正月が近づくと飾る門松。地域によって細かな違いはあるようだが、多くの人が想像するのはこういう図だろう。中央に竹が立ち、周囲を松やその他の飾りが彩る。

門松という名でありながら、まるで松は引き立て役かのような扱いである。それでいいのか、松?

門松がこの形となった経緯を辿りながら、松の立ち位置について考えてみる。

神を迎えるため……ではない?

門松について、民俗学の第一人者である折口信夫しのぶが随筆を残している。ここから門松の由来を読み取ってみよう。

文中で折口はまず、松(あるいは樒【シキミ】や榊【サカキ】)が正月の神を迎えるための招き代(※)であるとも考えられる、と述べている。

しかしながら、「正月の神」とは何だろう?何が「正月の神」なのか実ははっきりしないのだ。そこで折口は、「正月」に実際に行われていた風習や儀式に注目して、「何のための門松なのか」について考えを進めていく。

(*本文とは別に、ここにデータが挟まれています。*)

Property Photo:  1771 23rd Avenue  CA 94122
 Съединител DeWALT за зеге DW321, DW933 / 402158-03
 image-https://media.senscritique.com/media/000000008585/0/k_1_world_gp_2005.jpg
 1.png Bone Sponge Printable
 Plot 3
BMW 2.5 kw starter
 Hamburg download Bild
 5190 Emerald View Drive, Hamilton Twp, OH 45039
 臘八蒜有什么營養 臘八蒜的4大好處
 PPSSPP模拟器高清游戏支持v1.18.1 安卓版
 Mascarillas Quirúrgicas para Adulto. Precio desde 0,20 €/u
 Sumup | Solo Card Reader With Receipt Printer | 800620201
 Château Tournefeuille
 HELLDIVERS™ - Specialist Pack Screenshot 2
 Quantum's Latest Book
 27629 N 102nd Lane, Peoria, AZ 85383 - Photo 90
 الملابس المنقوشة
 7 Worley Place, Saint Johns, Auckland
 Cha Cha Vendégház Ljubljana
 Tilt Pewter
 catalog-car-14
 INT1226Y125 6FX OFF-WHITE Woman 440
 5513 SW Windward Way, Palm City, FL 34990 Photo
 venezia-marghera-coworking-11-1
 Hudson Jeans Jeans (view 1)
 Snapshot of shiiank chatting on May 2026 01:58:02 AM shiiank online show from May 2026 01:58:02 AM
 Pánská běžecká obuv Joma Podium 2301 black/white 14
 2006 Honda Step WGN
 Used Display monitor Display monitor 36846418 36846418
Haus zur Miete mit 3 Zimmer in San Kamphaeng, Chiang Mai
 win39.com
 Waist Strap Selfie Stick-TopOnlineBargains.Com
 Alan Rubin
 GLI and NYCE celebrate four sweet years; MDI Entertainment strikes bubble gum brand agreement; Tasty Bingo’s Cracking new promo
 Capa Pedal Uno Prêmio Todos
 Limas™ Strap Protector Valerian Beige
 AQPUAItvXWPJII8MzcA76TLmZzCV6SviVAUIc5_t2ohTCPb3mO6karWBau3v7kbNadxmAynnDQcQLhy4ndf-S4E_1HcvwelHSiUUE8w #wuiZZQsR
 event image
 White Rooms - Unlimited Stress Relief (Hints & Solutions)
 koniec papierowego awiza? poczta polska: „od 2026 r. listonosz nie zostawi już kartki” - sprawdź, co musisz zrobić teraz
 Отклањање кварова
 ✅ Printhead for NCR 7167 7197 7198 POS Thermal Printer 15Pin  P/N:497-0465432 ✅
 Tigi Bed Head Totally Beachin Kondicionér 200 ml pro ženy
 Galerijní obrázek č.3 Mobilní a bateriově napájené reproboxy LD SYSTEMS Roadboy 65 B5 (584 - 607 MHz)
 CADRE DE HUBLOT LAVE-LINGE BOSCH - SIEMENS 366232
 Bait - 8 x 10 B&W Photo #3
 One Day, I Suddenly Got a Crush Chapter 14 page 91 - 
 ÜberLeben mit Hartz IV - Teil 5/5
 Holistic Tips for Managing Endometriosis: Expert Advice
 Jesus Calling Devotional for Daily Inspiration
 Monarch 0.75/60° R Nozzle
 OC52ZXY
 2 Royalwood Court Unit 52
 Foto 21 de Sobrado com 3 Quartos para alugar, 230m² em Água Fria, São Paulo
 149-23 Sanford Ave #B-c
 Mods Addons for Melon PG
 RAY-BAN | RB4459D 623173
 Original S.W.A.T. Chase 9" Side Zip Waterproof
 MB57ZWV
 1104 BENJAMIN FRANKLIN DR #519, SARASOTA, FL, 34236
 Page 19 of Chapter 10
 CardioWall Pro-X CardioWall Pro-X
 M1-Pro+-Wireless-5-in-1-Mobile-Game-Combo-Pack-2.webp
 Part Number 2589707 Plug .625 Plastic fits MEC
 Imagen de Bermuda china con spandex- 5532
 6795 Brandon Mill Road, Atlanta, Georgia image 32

※招き代:神が人間界に降り立ったときに憑依するもの。依り代。

それなら、何故榊を立てるかゞ問題になるのですが、かうした信仰は、時代によつて幾らも変つてをりますから、一概に言ふ事は出来ませんが、正月の神を迎へるシロであつたかとも見られます。さういふ考へも成り立たなくはないのです。しかしこゝには、まう少し正月に即した考へを立てゝ見ませう

山人からの贈り物

昔は山の神に(いわば住み込みで)仕える神人(=山人)がいて、正月になると里に降りて山の土産物を里のものと交易したという。その土産物の中には「削りかけ」「削り花」と呼ばれるような木を削って作った飾りもあり、里の人はそれらを家の内外に飾ったのだ。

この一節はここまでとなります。